Sep 20, 2010

Cheshire Trial Offers Lessons, Raises Questions

Coincidentally, I sat next to the man who wrote this very well done commentary (linked above) during last Tuesdays courtroom proceedings. (Actually, squashed next to him would be a more apt description as the Courtroom had become standing room only as expected, forcing all of us to pack the benches like sardines.

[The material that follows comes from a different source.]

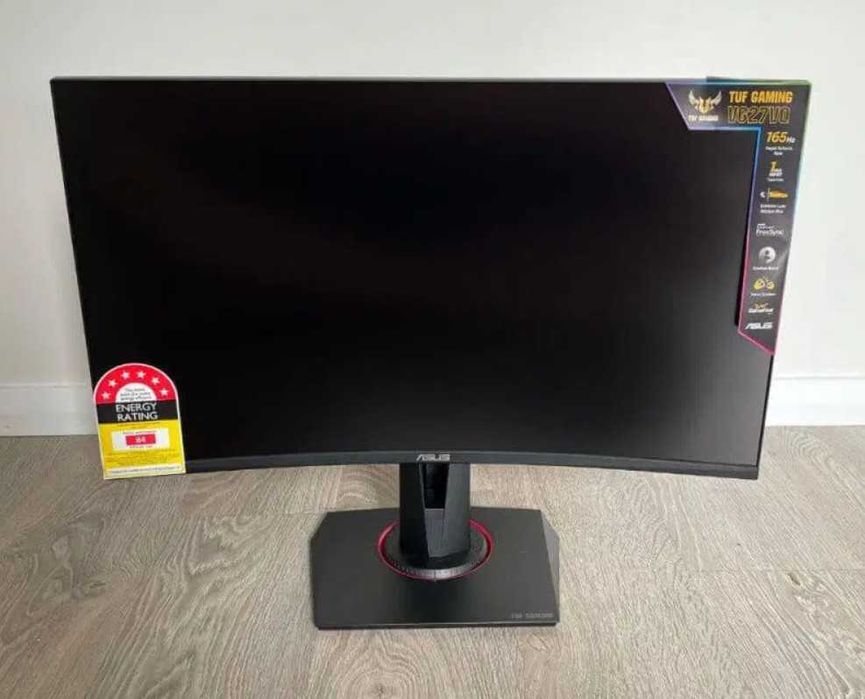 Почти неизползван 27-инчов геймърски монитор ASUS TUF Curved WQHD 165Hz 1ms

Monday, being the first day of the trial, it stood to reason that the crowd, including the media, would be at its most prolific. Today it seemed attendance had thinned just a hair and this was enough for me to assume that as the trial progressed, public interest or just plain perseverance would wane just a bit, at least to the point where seating might not be such a commodity. After four days I'm not sure my logic was all that sound, for while yes, some of the public might become tired and drained by the proceedings and the neccesary machinations to simply get in and out of the courtroom. Other, new people will certainly fill in these vacancies, and on it will go, especially as the media attention sparks more and more interest in the case.

In any event, after waiting on two very long lines, one at the security entrance to the court and the second, upstairs at a second security checkpoint outside the courtroom, one stands for an hour, not certain if they'll make the grade, ie actually gain entry after all of this. But realizing that it is a necessary part of the process you do the only thing you can-you wait.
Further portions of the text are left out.